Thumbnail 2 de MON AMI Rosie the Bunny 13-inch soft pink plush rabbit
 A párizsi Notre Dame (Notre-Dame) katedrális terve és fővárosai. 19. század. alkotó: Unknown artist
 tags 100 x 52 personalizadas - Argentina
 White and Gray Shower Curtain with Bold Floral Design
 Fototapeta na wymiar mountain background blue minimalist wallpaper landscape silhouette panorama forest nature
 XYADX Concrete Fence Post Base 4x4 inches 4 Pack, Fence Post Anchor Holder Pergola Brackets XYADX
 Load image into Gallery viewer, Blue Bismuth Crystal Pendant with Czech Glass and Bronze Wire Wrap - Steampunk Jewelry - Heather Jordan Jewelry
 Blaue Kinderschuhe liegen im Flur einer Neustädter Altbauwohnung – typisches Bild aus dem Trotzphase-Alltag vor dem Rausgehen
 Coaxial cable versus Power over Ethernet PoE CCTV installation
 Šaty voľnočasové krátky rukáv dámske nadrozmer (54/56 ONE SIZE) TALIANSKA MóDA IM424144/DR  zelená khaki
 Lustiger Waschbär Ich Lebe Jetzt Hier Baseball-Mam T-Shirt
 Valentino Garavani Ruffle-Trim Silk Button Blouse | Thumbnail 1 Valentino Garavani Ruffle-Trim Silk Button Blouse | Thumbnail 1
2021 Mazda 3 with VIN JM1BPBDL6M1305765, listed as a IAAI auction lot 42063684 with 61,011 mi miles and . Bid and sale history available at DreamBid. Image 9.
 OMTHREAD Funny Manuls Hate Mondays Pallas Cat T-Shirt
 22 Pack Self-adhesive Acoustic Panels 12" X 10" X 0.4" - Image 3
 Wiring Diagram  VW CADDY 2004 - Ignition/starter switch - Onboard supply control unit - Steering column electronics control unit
+-------+
* [Task objective] Quote the lines of the listing above that run from the line with "Thumbnail 1 Valentino" through its last line, both included, and nothing else.

* [Answer area]
 Valentino Garavani Ruffle-Trim Silk Button Blouse | Thumbnail 1 Valentino Garavani Ruffle-Trim Silk Button Blouse | Thumbnail 1
2021 Mazda 3 with VIN JM1BPBDL6M1305765, listed as a IAAI auction lot 42063684 with 61,011 mi miles and . Bid and sale history available at DreamBid. Image 9.
 OMTHREAD Funny Manuls Hate Mondays Pallas Cat T-Shirt
 22 Pack Self-adhesive Acoustic Panels 12" X 10" X 0.4" - Image 3
 Wiring Diagram  VW CADDY 2004 - Ignition/starter switch - Onboard supply control unit - Steering column electronics control unit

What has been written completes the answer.